The second bug has been reported by others, but there doesn’t seem to exist a report for it in Sun’s bug database. I submitted a bug report to them in November of 2007, but the report seems to have been ignored since then. I figured I’d reproduce the report here in case anybody else runs into this problem.

The offending code looks like this:

interface IA {
IA op();
}
interface IB {
IB op();
}
public interface IC extends IA, IB {
IC op();
}

The error message is:

IC.java:7: types IB and IA are incompatible; both define op(), but with unrelated return types

This same issue has previously been raised for the Eclipse compiler:

It seems §9.4.1 of the Java Language Specification applies to this problem. It says:

“An interface inherits from its direct superinterfaces all methods of the superinterfaces that are not overridden by a declaration in the interface. It is possible for an interface to inherit several methods with override-equivalent signatures (§8.4.2). Such a situation does not in itself cause a compile-time error. The interface is considered to inherit all the methods. However, one of the inherited methods must must be return type substitutable for any other inherited method; otherwise, a compile-time error occurs.”

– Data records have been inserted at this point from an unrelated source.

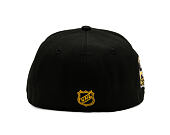 Kappe New Era - NHL "Anniversary Patch" 59FORTY A-Frame - Boston Bruins - Team Color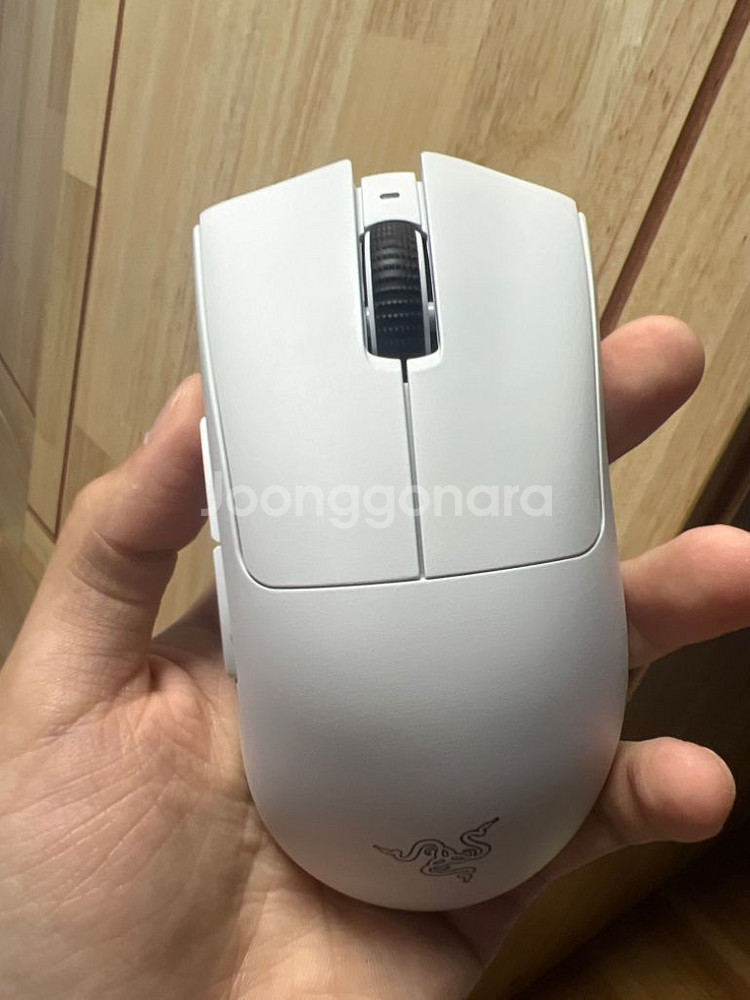레이저 데스에더 v3 pro(국내정발)(30분사용)--1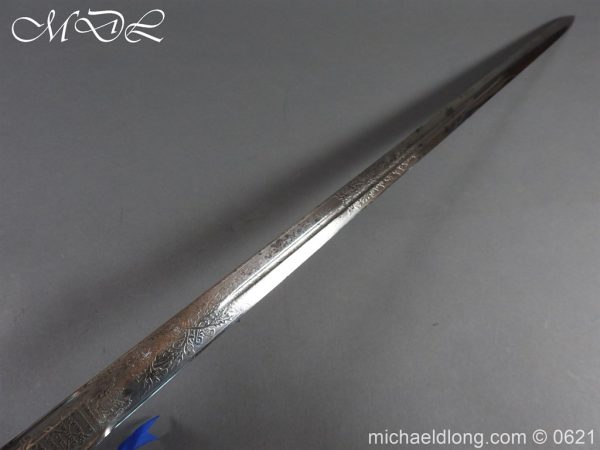 michaeldlong.com 19573 600x450 Gordon Highlanders Officer’s Sword by Wilkinson Sword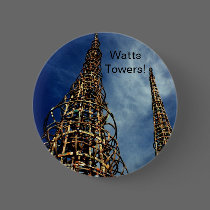 Watts Towers, Los Angeles buttons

While Sun drags its feet with this issue (maybe it’ll get fixed for Java 8 in a few decades from now), you can use Eclipse. If you need to build with Ant, you can get it to use the Eclipse compiler by setting the build.compiler property to org.eclipse.jdt.core.JDTCompilerAdapter and including ecj.jar in your Ant classpath.

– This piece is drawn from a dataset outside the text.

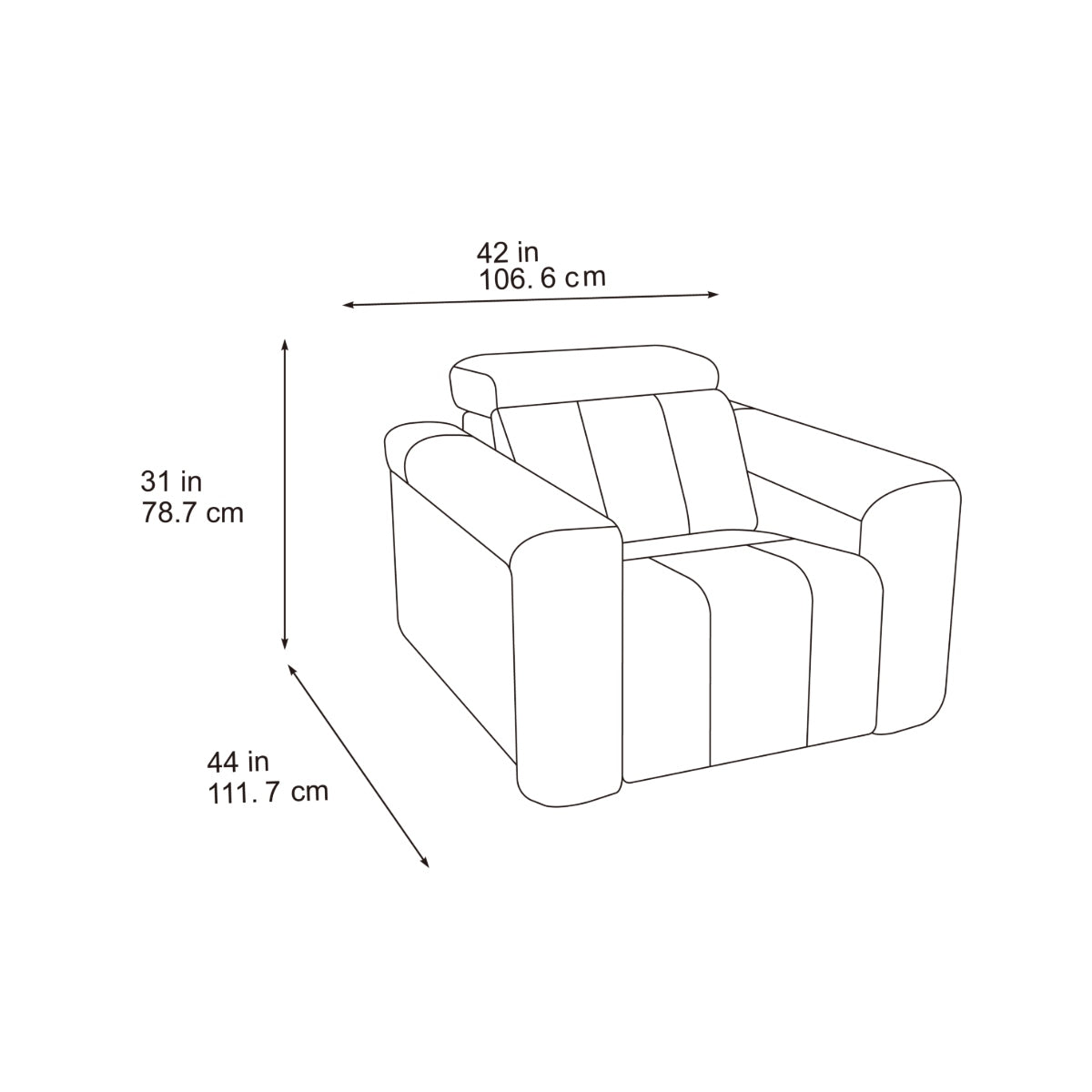 2026 Daniel Sofa Range In Grey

It seems some French guys were also grappling with this problem: Héritage multiple des interfaces et surcharge de méthodes.

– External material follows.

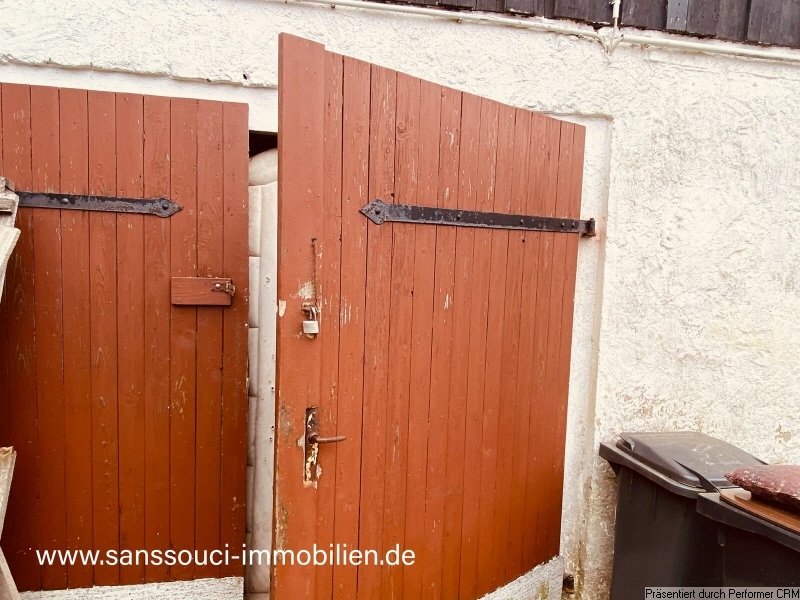 Garageneinfahrt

Update: Finally found the right bug for the covariant return problem with the help of Jonathan Gibbons from Sun. It is Bug ID: 6294779 Problem with interface inheritance and covariant return types. The bug was created in 2005. Don’t know why I couldn’t find it with my previous searches, but maybe other people will have better luck now.

libffi

Friday, February 1st, 2008

It seems there is some renewed interest in libffi, the library used by ctypes and JNA to call functions in native libraries from Python and Java, respectively. Until recently, the efforts around libffi have been very fragmented, with various patches only being available in only ctypes or only JNA (or only elsewhere).

On the ctypes side, there are some patches to build libffi with Visual Studio, which are useful for Windows junkies like myself. There is also a patch for Win64 support, which really needs to get into JNA (Java on Windows Server 2003 x64 rocks!). Timothy Wall of JNA fame has also produced some patches. A lot of this work has featured on the gcc-patches mailing list.

Anthony Green is also doing some work on libffi, but this seems to be happening separately from the work of the gcc-patches folks. Hopefully all these disparate efforts can be unified so that we can all benefit from a single libffi that works on many platforms (including Win64, please!).

Hadoop does WebDAV

Wednesday, July 25th, 2007

There’s recently been some movement on HADOOP-496, the issue for exposing the Hadoop Distributed File System as a WebDAV store. Maximum respect to Enis Soztutar for sorting this out.

The patch hasn’t made it into SVN yet, but I hope it will show up there in a few weeks. Getting files onto your HDFS has never been this easy: add a new network place in Windows Explorer, open the folder, drag and drop! I’m pretty sure your favourite Linux desktop environment will have similar functionality.

I’ve also been running the litmus WebDAV server protocol compliance test suite against this Hadoop/WebDAV combination to test the patch. There’s still a few issues to fix, but things are looking good.

In case you want to add a WebDAV interface to your Java application, you might consider building it on top of Apache Jackrabbit, as this patch does. I took a brief look at doing what this patch does with Jakarta Slide, but even with the WebDAV Construction Kit to help you, Slide is a rather large beast.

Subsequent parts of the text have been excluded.